Yardım faaliyetlerinin hız kesmeden devam ettirilmesi gerektiğini belirten Ocak, “Şimdi ise, rahmet ve mağfiret ayı Ramazan’ı fırsat bilerek yardımlaşma, dayanışma ve paylaşmayı zirveye çıkarma zamanıdır. Çünkü yardımlaşma ve paylaşma, mümin ahlakının en belirgin özelliğidir. İnsanı değerli kılan ve hayatı güzelleştiren en büyük imkândır. Huzurun kaynağı ve kardeşliğin en sağlam teminatıdır. Tüm bu yönleriyle iyiliği hayata egemen kılan yardımlaşma ve paylaşma ahlakı, zor zamanların üstesinden gelebilmenin de en güçlü yoludur. Özellikle insanlığın en zor zamanları olan afet dönemlerinde maddi ve manevi yaraları tedavi edecek en etkili ilaçtır.” dedi. 

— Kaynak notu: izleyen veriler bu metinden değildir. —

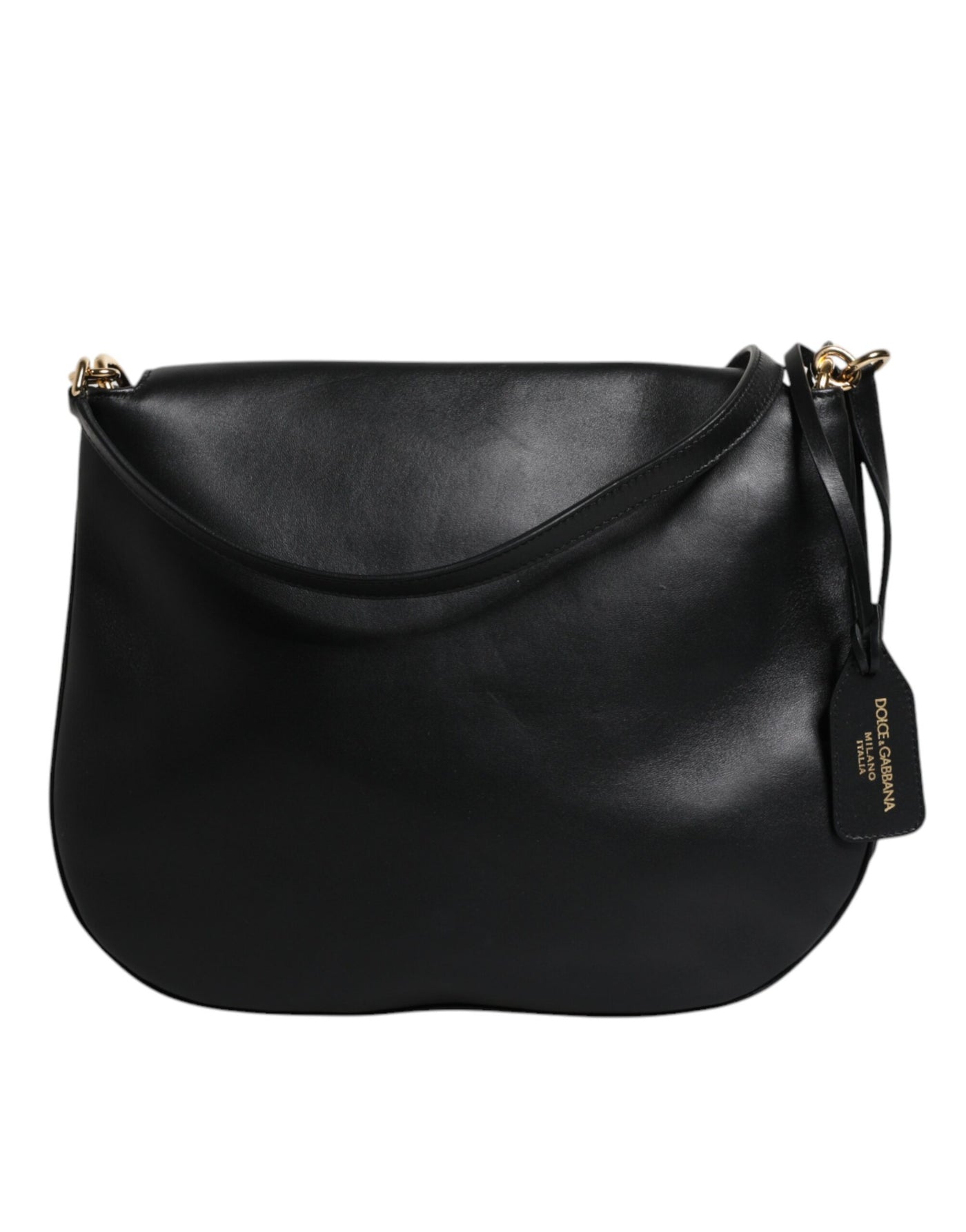Dolce & Gabbana Schwarze Leder-Umhängetasche mit Klappe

Afetlerin ilk gününden itibaren gösterilen yüksek duyarlılık ve özverinin zayıflatılmaması gerektiğini belirten Ocak, şunları kaydetti: “Büyük afetler dolayısıyla yardımlaşma seferberliğinde bir duraksamaya ve zayıflamaya izin verilmemelidir. Acının değdiği tüm yürekler teskin oluncaya ve teselli buluncaya, akan gözyaşları dininceye, çevremizde tek bir muhtaç kalmayıncaya, ihtiyacı olan tüm mağdurlar normal hayatlarına dönünceye kadar yardım faaliyetleri hız kesmeden devam etmelidir. Maddi yardımların yanında duygulara eşlik etmek ve dualarda buluşmak da ihmal edilmemelidir.  

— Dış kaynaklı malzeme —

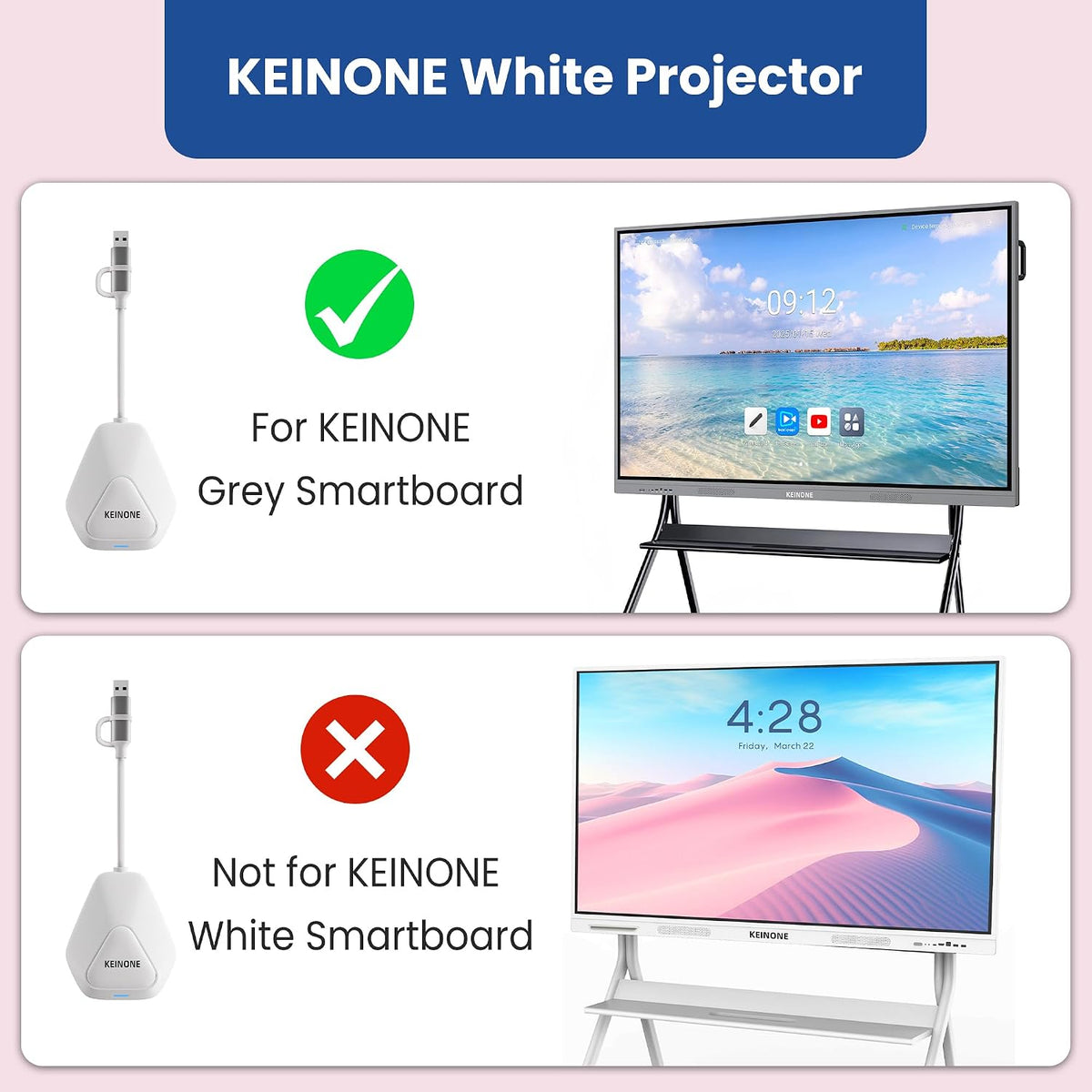 White Wireless Projector compatible with KEINONE grey smart boards, not white smart boards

Umuyoruz ki, böylesine mübarek ve samimi duygular bu Ramazan hayatını sımsıkı sarsın ve yaralı yürekler, dayanışma ve paylaşma ilacıyla yeniden imar edilsin. Yardımlaşma ve dayanışma seferberliği devam etsin. Hüzne gark olan haneler ve tarihe acıklı hatıralar kaydeden şehirler en güçlü şekilde imar edilsin. Yüce Allah, yardımlaşan ve samimiyetle fedakârlık yapan kullarının imkânlarını genişletsin, infaklarını bereketlendirsin, kardeşlik bağlarını güçlendirsin, yüreklerini birbirlerine kenetlesin ve onları dünyada ve ahirette aziz ve bahtiyar eylesin.       

Bu vesileyle buruk ve yaralı yüreklerle idrak ettiğimiz Ramazan-ı Şerif’in, acılarımızın teskinine ve başta ülkemiz olmak üzere İslam coğrafyasının huzur ve selametine, bütün insanlığın barış ve hidayetine vesile olmasını Yüce Rabbimden niyaz ediyorum.”